As we enter the new year it’s always a good time to reflect on the past twelve months as well as to look forward to what 2025 may bring. For me, 2024 has been a busy year. I remember many years ago an ‘old boy’ telling me that when you reach the age of sixty, life is downhill all the way. I was in my thirties at the time and so believed him. I’m now in my early seventies and I can’t say that I agree with his pessimism. Funnily enough, he lived well into his nineties and, for most of that time, enjoyed rude health so he proved himself wrong too! The only way to tackle ageing, I’ve decided, is to embrace its positive aspects – no mortgage, wisdom (ha-ha!) and more time to do the things that matter to you. Of course, good health is important and maintaining balance and staying active helps no end. One of the reasons why I’ve not retired completely.

John Shortland, summer 2024

Tewkesbury, a town in Gloucestershire on the River Severn – the UK’s longest river – is just a few miles from the edge of the Cotswolds. It’s an ancient town that I have driven through dozens of times but early in the year I made the effort to actually stop and explore its narrow streets and abbey church. I hadn’t realised that when entering the church I would be staring at a suspended globe which, when standing 211 metres away from it, is the exact size and view of Planet Earth you would see if standing on the moon. When I first saw it ‘suitable’ music was being played but it was only after that had stopped that I found the exhibit strangely moving as it rotated slowly in total silence. That’s another thing I’ve noticed as I’ve grown older – how much I enjoy silence! The church is well worth visiting for it is now almost one thousand years since it was built and is one of the finest examples of early Norman architecture in Britain. Unable to visit? Then click on the link here to see lots of photos.

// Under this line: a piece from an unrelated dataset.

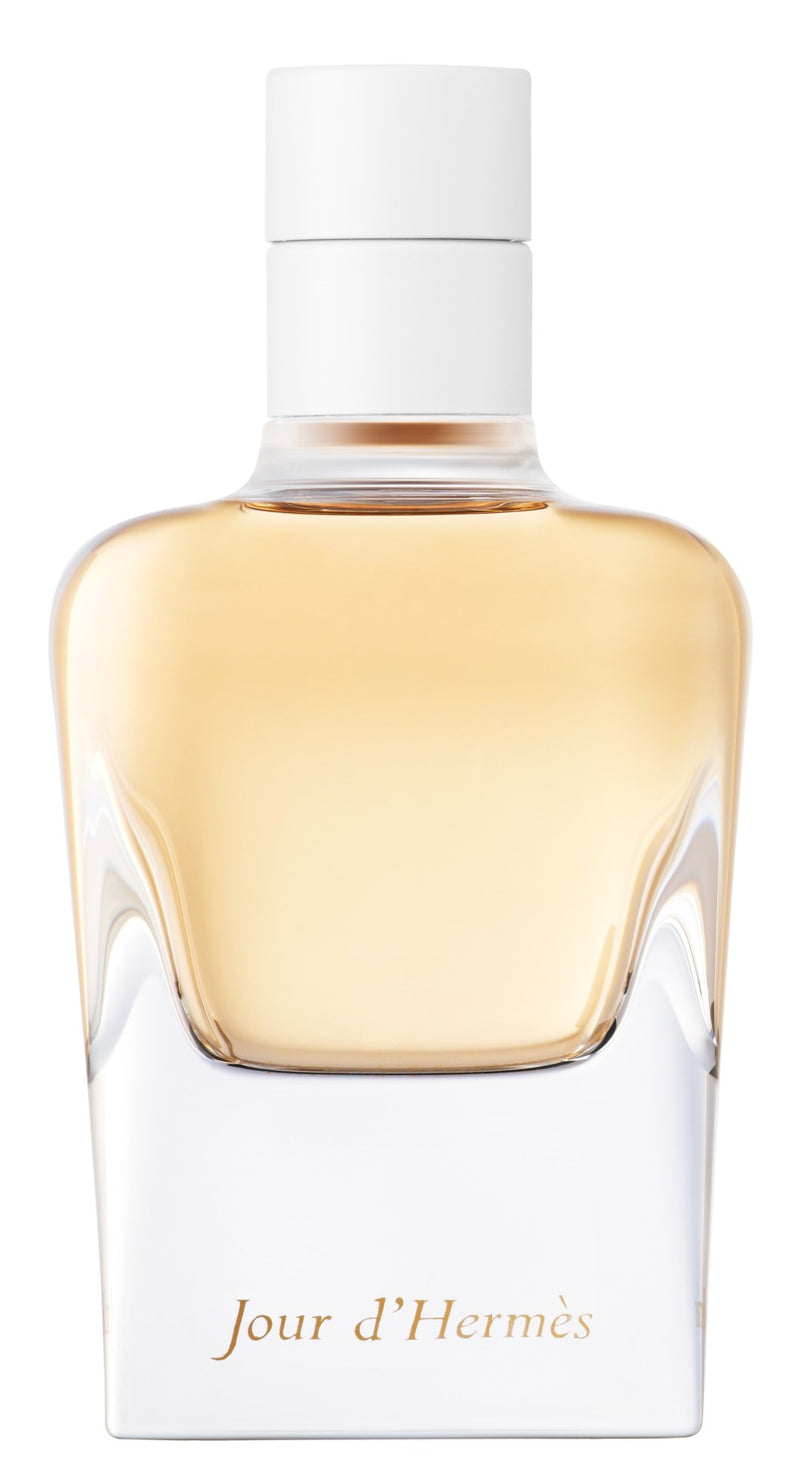 Hermès Damesgeuren Jour d'Hermès Eau de Parfum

The abbey church looms over the ancient houses and narrow streets of Tewkesbury
Planet Earth, mysteriously beautiful

In March, we travelled north to the county of Yorkshire to watch a friend take part in the oldest horse race in the country. The Kiplingcotes Derby has been run annually since 1519. Tradition sys that if it ever stops taking place it will never happen again so all through the Covid restrictions only one horse took part! For this race, the 505th, dozens of riders took part for it is a horse race like no other: no finely maintained racecourse but a series of roads, lanes, field margins and tracks, a real test of endurance for both horse and rider. Our friend, who had never raced before was taking part to raise money in support of the local hospice. She reached the finishing post in good time and raised over ten thousand pounds in memory of a close friend. The race has one other completely bizarre quirk which makes it unique in the world of horse racing – to find out what that is you’ll need to click on this link here!

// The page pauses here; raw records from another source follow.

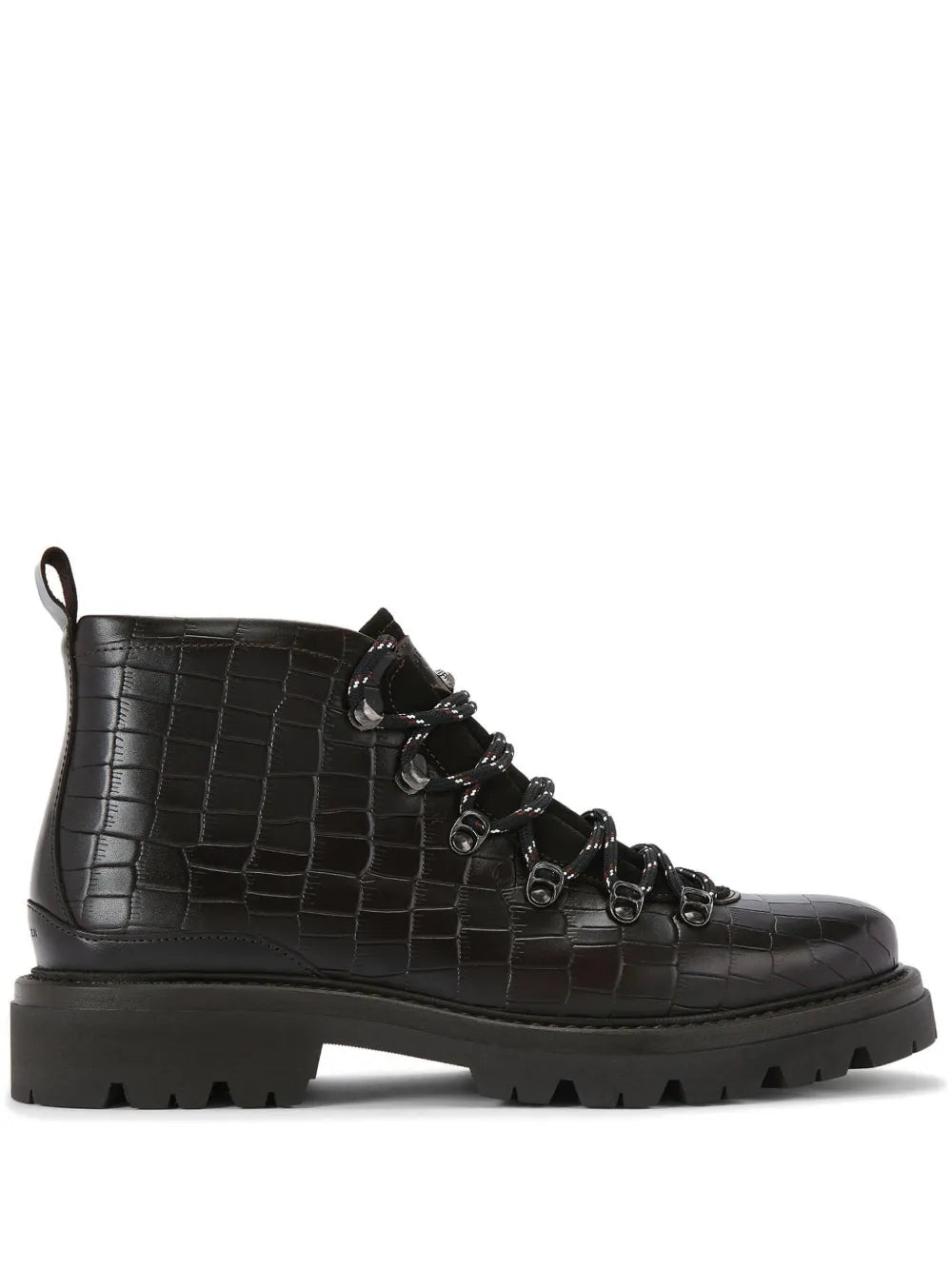 Kurt Geiger London Coniston boots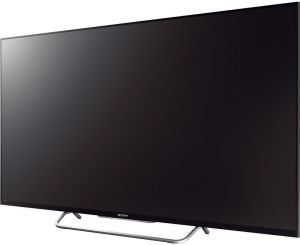 Telewizor Sony LED 55'' Full HD 9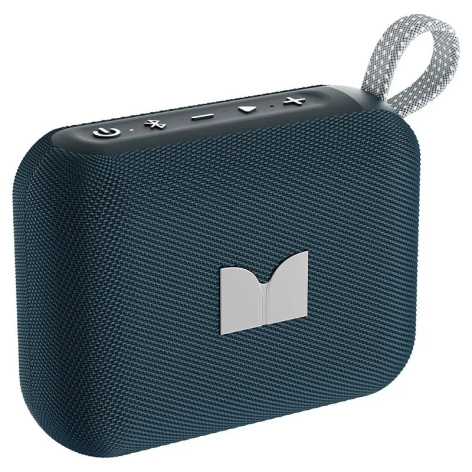 фото Акустическая система портативная Monster Cube 1 (MS62113) в Санкт-Петербургe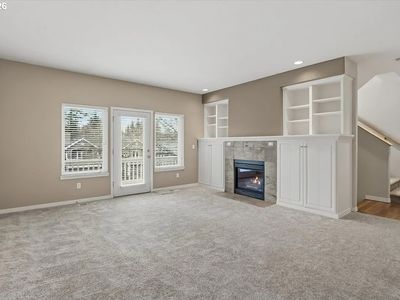 3052 Club House Ct, West Linn, OR, 97068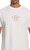 Gnp Beyaz T-Shirt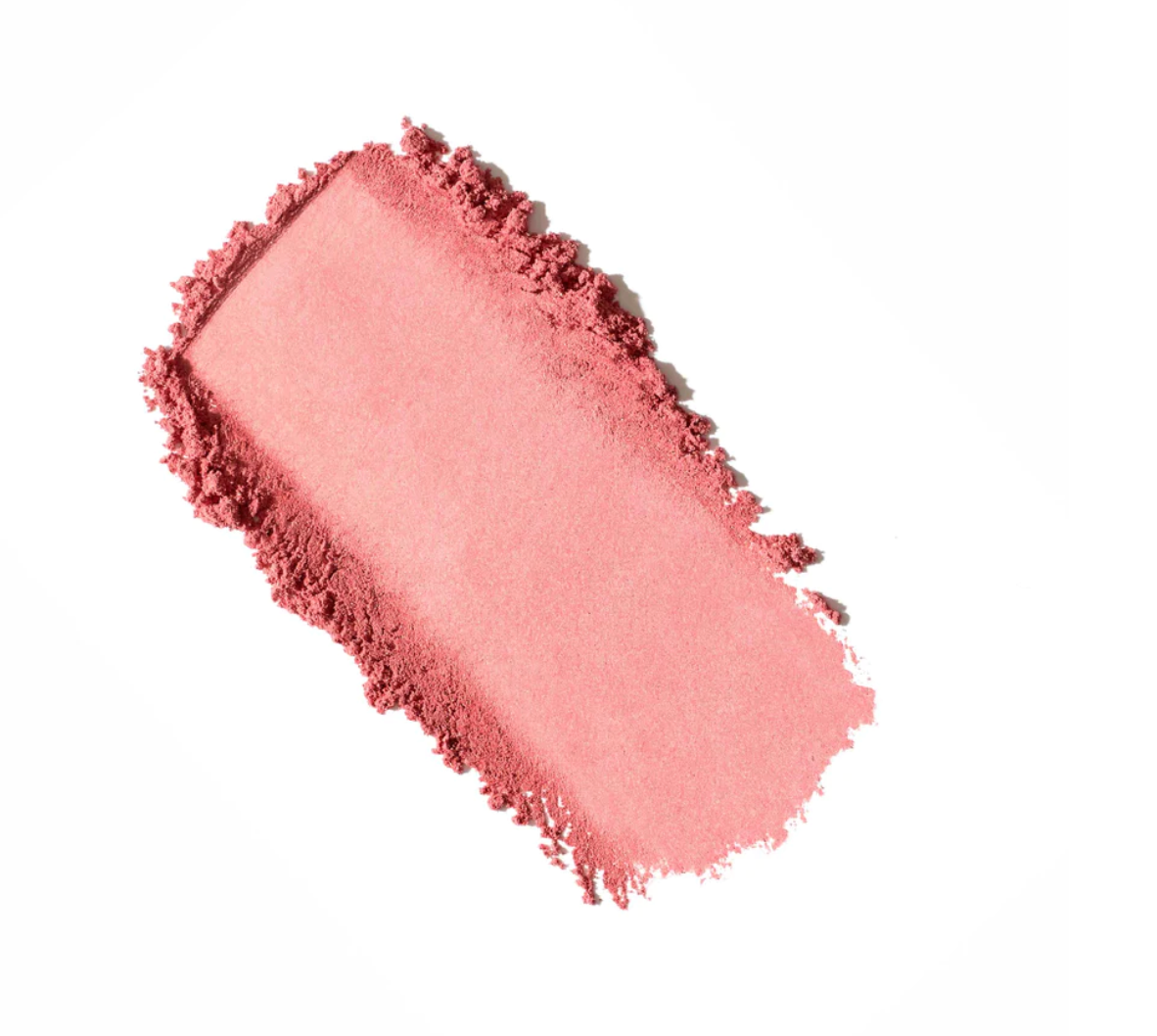 PurePressed Blush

The oldest, continuously-run horse race in the UK
Safely past the winning post!

Later, in early summer we returned to Yorkshire for a week’s holiday spent in the pretty village of Austwick. We had planned to spend our time walking for it is excellent hiking country. However, my partner was nursing a broken foot and, later, during a hill walk on my own there, I hurt my knee badly so we were both hobbling about instead (what was I saying about staying active?!) There is always a positive outcome to everything, I find, and so we explored by car instead where we discovered the Courtyard Dairy. To misquote Paul Whitehouse, “if you like cheese, you’ll like these” for we’d stumbled across one of the top, award-winning artisan cheese makers in the country. With a restaurant, small museum, ice-cream and wine shops as well as a huge selection of cheeses, we were in our element. For lots of photos of the trip – and not just of blocks of cheese, click here.

The Courtyard Dairy – one of England’s finest artisan cheese shops
There are beautiful walks around the Yorkshire village of Austwick

I have been very fortunate in not just living in a beautiful part of the country but also being able to make my living from being in the midst of it. However, that hasn’t always been the case for before I embarked on my horticultural career I spent twenty years in the world of retail fashions. When I left school I spent some months on a sheep farm on Exmoor – the remote, hill country, now a National Park, in the West Country. That short time farming changed my life for I met some wonderful and inspirational people there who left me with a yearning for the outdoor life, However, I was dragged away by my parents to work in the small department store which had been central to my family for the best part of a hundred years. Fortunately, I had a happy time there but the desire to be spending my days outdoors never left me. This spring it was thirty years since I sold the business to follow my dream and so it seemed a good time to reflect on those retailing years.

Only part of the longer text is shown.